Aim of the task.
Among the entries below, one line contains "Gamechanger Audio MOTOR" and another contains "Mens Solaris Navy Vest". Transcribe those two lines and every line between them, exactly.

The records.
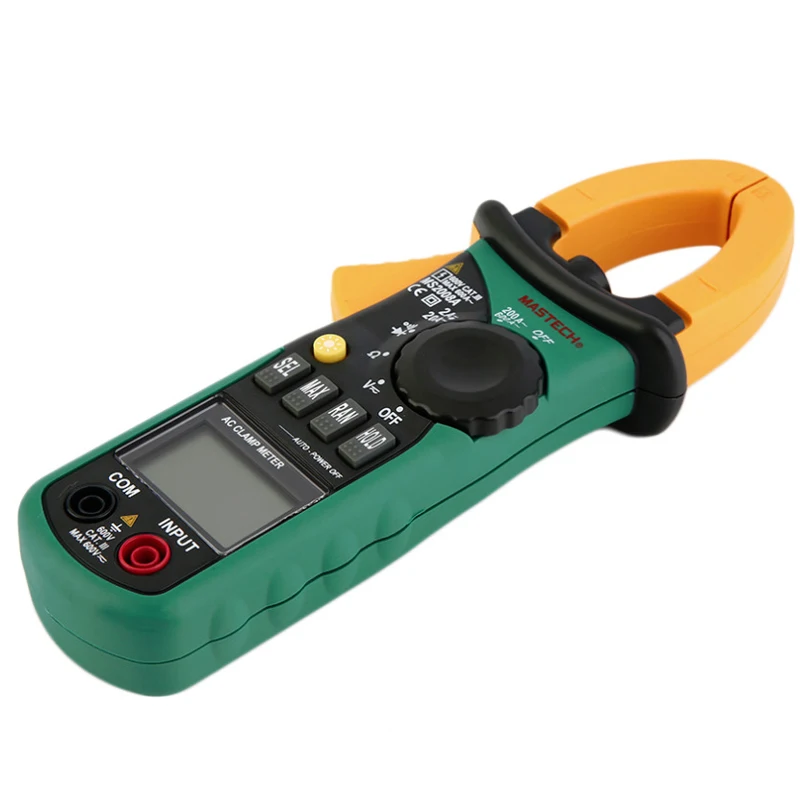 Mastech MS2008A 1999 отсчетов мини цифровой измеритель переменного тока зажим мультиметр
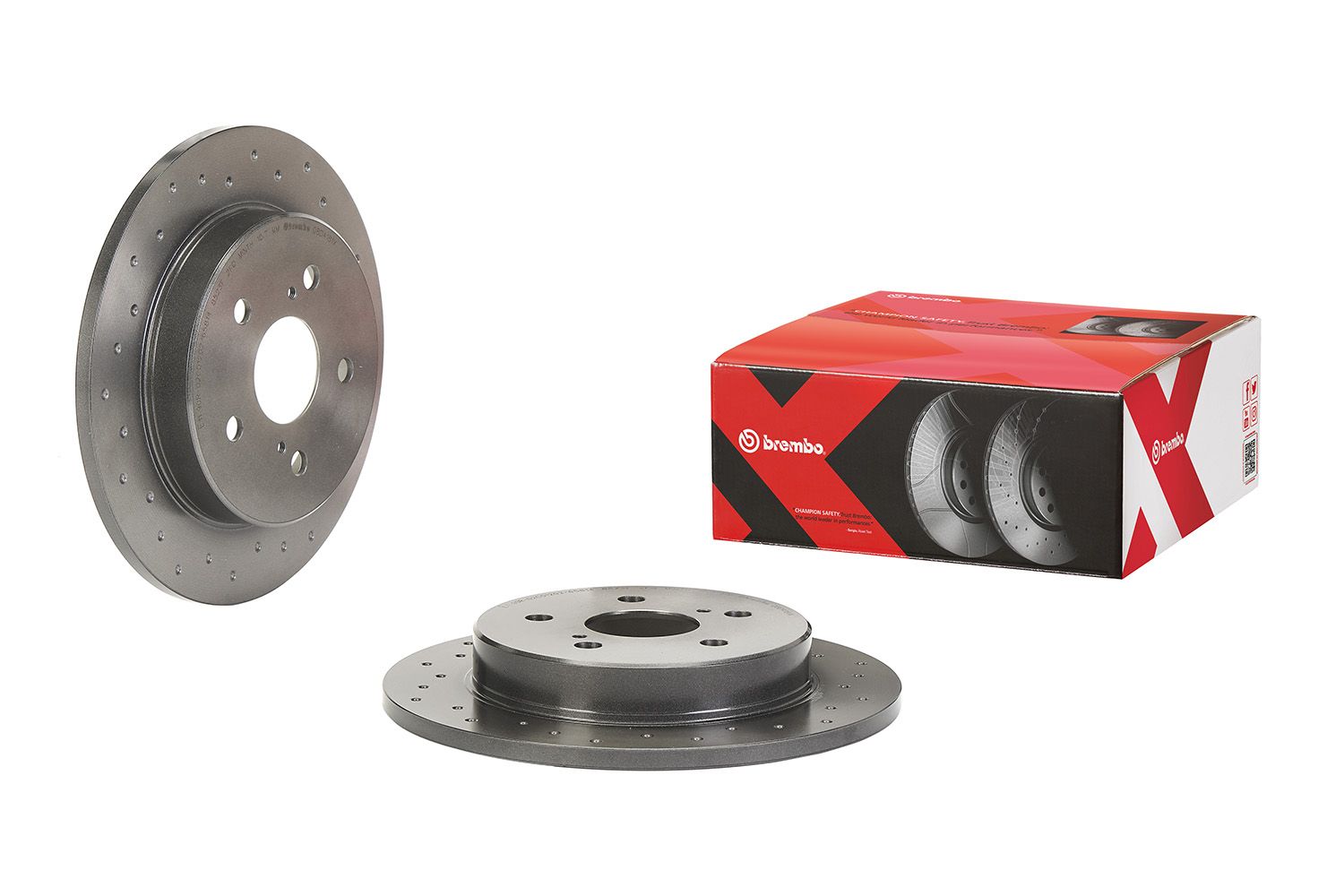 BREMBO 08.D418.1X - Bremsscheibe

--

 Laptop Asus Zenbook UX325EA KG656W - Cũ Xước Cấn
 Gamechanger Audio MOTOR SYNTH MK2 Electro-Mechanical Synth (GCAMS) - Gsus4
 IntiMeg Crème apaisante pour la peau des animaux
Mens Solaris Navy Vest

Response to this task.
 Gamechanger Audio MOTOR SYNTH MK2 Electro-Mechanical Synth (GCAMS) - Gsus4
 IntiMeg Crème apaisante pour la peau des animaux
Mens Solaris Navy Vest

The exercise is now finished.